American pronghorn antelope




American pronghorn antelope





I saw hundreds of pronghorn antelope on this road trip. Most in Nevada and Wyoming. These "built for purpose" animals have long fascinated me. If you know their basics, you should skip the next paragraphs of narrative:

Pronghorn Antelope [Antilcapra americana] are not true antelope but as we call American bison, by the mistaken name of buffalo, the pronghorn handle is with us.

They can't jump, though they look like they could and should be able to. When they come to a fence they either crawl through it or under it at astonishingly high speeds at time.

I watched four male pronghorn in Wyoming do this, one after the other, and got a few photos of that, which I will post when I get to the Wyoming section of this road trip photo stream.

Pronghorn antelope have horns, not antlers. Males always have them, females sometimes. They do shed the outer layer of their horn, but never the entire horn itsel.

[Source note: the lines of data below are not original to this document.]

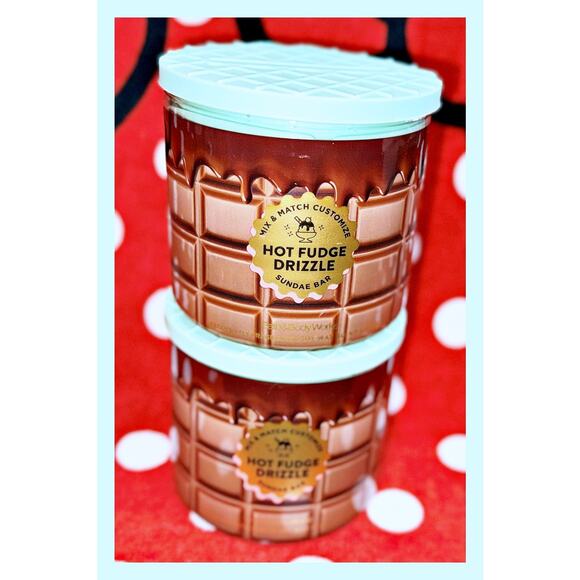 Lot of 2 Bath & Body Works Hot Fudge Drizzle Sundae Large 3-Wick Candle 14.5oz - Picture 2 of 5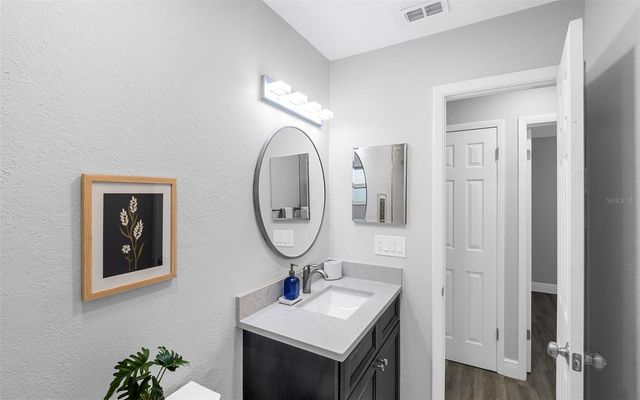 913 YORK DRIVE, Brandon, FL 33510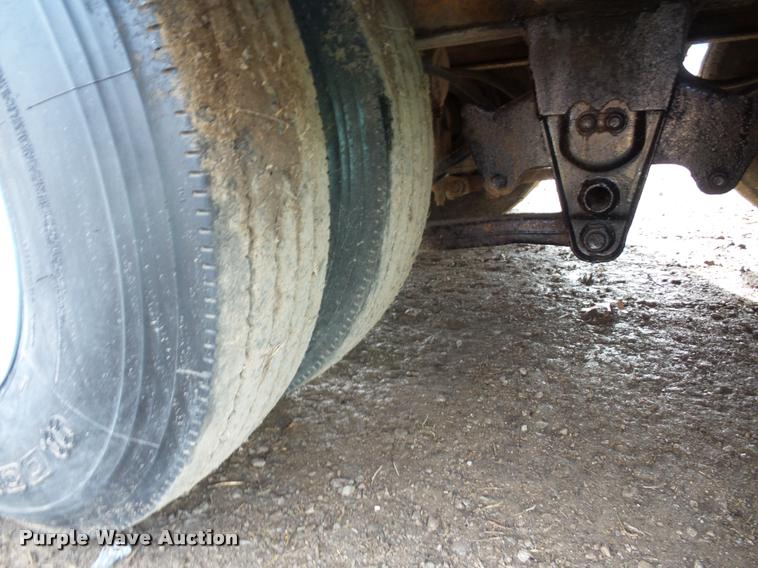 image for item AX9054 1980 Trail-Eze 5542-1200 equipment trailer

Antlers are shed and regrown every year. Moose, elk, and deer have antlers. Bighorn Sheep, mountain goat, and pronghorn antelope...have horns.

Male pronghorns have a black crescent marking at the back of their lower jaw, while females do not.

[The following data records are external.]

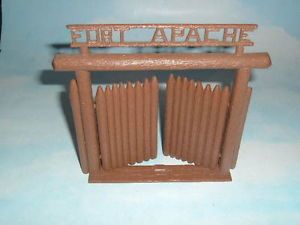 1950 60s Marx Fort Apache Play Set Hard Plastic Front Gate with Doors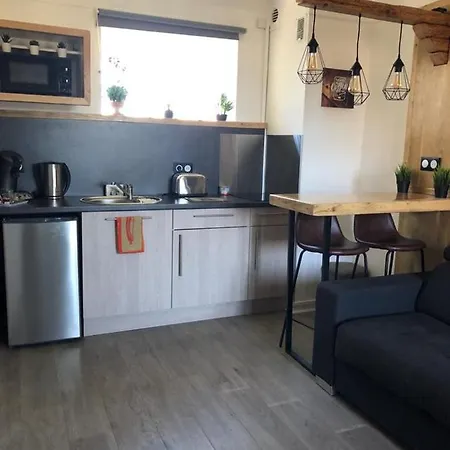 Apartment Climatise Avec Balcon Face Aux Arenes D'arles Arles
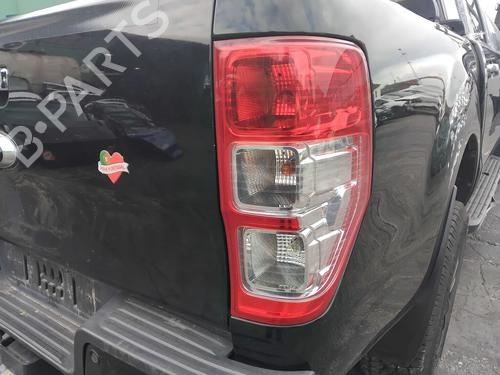 Used Right taillight FORD RANGER (TKE) 3.2 TDCi 4x4 (200 hp) 32846135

They are custom built for speed and endurance and can run over 40 mph for long distances, easily outrunning any natural predator, when healthy.

They are extremely curious and will approach anything that captures their attention. Again, in Wyoming I was photographing a small herd, when two of the females, started walking intently and with purpose, directly to my red pickup truck, which is what I think caught their fancy.

Day two of my 8 day road trip provided some fun driving and extreme contrasts. The first night I had camped in the back of my pickup truck at close to 6,000 feet at Wildhorse Crossing campground, south of Mountain City, Nevada. I woke up with the entire truck encapsulated with a sheet of ice the next morning.

As I drove south from my camp at Wildhorse Crossing I had the heater of my old pickup truck on “high”. I crossed over from Elko to Wells, Nevada to drive one of my favorite routes north/south, through Nevada: Highway 93. Whenever I can I take this route over the interstate route through Salt Lake City.

NOTE: the fact that this route passes through “Jackpot, Nevada” and the penny slot machines at Cactus Pete’s, has special appeal to my wife, and is a must short stop, when traveling with her. Jackpot is on the Idaho/Nevada border so joined highway 93 well south of Jackpot at….Wells, Nevada.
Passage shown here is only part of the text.